The end of the fighting in Gaza was soon followed by a political battle. During the fierce military conflict between Israel and Hamas, the two Palestinian leaderships - Mahmoud Abbas and the Palestinian Authority in the West Bank, and Hamas and its government in Gaza - had put on a show of unity at the negotiations in Cairo that were attempting to bring the violence to an end. In the event, the respective Palestinian factions resumed their internal struggle even before the bombardments and rockets were halted.

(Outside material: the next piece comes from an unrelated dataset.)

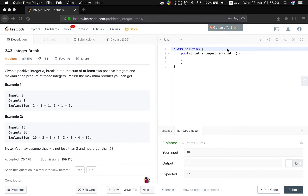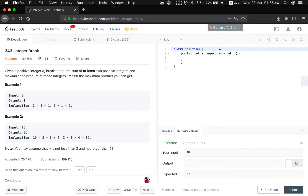How do you think about this problem? I think this problem is kind of similar to the coin change problem, where n is the amount and we have coins from 1 to n minus 1. Our task is to return the maximum product.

The character of their fallout is instructive. On both sides, its discourse is proscriptive: mutual rebuttal rather than genuine criticism. Hamas claims for itself and its war the best Palestinian qualities and virtues, repeatedly challenges Mahmoud Abbas’s words and deeds, and denies him any share of the patriotism that it seeks to monopolise. Abbas questions Hamas’s prolongation of the battle with Israel, alleging that it needlessly doubled the number of casualties; slammed its execution of “collaborators” (including the brutal manner of the deed); criticises its belated acknowledgment of responsibility for kidnapping the three Israeli settlers, having denied it for so long; and accuses Hamas of conspiring to topple his Palestinian Authority.
The fact that this political contest proved impossible to suspend even while the guns were being fired seems to reveal the depth of the West Bank-Gaza split. Such devices as a a coalition government, or a joint delegation in Cairo, are unable to keep it from erupting. After all, the government - hailed as a major event - was effectively put on the back-burner shortly after its birth, such was the mutual animosity.
The Kurdish example
The internecine Palestinian rivalry is but one example of a phenomenon that has helped create the conditions for ISIS-like organisations in the Middle East: namely, the brittleness of Arab national identities, and the frameworks that contain or express them.
Several forms of weak national identity are visible in the places where ISIS (which now calls itself the Islamic State) has established itself. In Syria, for example, the Bashar al-Assad regime has for nearly four years sealed off any chances for a reasonable settlement with the rebels, who represent a majority of the population. Instead, Syria's rulers responded to protests that were at first peaceful with overwhelming force and brutal mass murder. The many forms of government repression have but one goal and one meaning: keep Assad and his supporters in power - or let the country burn.
In Iraq, there is another kind of brittleness. When the political crisis in Baghdad escalated after ISIS's military advance in June 2014, all sides there ostensibly agreed that the government's pro-Shi'a policies had, by alienating the Sunnis, contributed to the rise of ISIS. After long and difficult negotiations, a supposedly united government was formed under a new prime minister, Haider al-Abadi. But despite enormous regional and international pressure, it failed either to include strong Sunni figures or to weaken strong Shi'ite ones (as evident in the appointment of departing prime minister Nouri al-Maliki as first deputy to the president). In the end, the formation of a the government has turned into nothing more than a dispute over the distribution of power between Sunni forces and the Shi'ite alliance.
Thus, regimes in both Damascus and Baghdad have shown little interest in national unity and coexistence - and this attitude was replicated by the armed groups opposed to them. The proof of this is precisely the way that radical Sunni Islamist groups - including ISIS - became the dominant anti-government force in the two countries.
The fragility of Arab national identities is revealed elsewhere, all the way from Libya in the west to Yemen in the south. In this respect, within the broader region the Kurdish case is emerging as unique. The Kurdish identity was always free of the seductive hypothesis of Arab nationalism, which Kurds saw as an attempt at forcible incorporation. Now, after the revolutions and the collapse of central governments, the Kurds see it as nothing more than folklore. In this sense, the Kurds are fighting their own battle without being fooled by pretensions regarding a national bond they never took seriously to begin with.
The implication of these developments may for some be offensive: namely, it is impossible to combat ISIS on the basis of an imagined Iraqi or Syrian "consensus" that does not in fact exist. The corollary is that the Kurds must fight ISIS as Kurds - and the same goes for every other country and community in the region that can cohere in the way the Kurds have been able to.
Until this is recognised, the war Barack Obama intends to wage on ISIS - whether he is firm or lax in pursuing it - will be undermined before it even starts.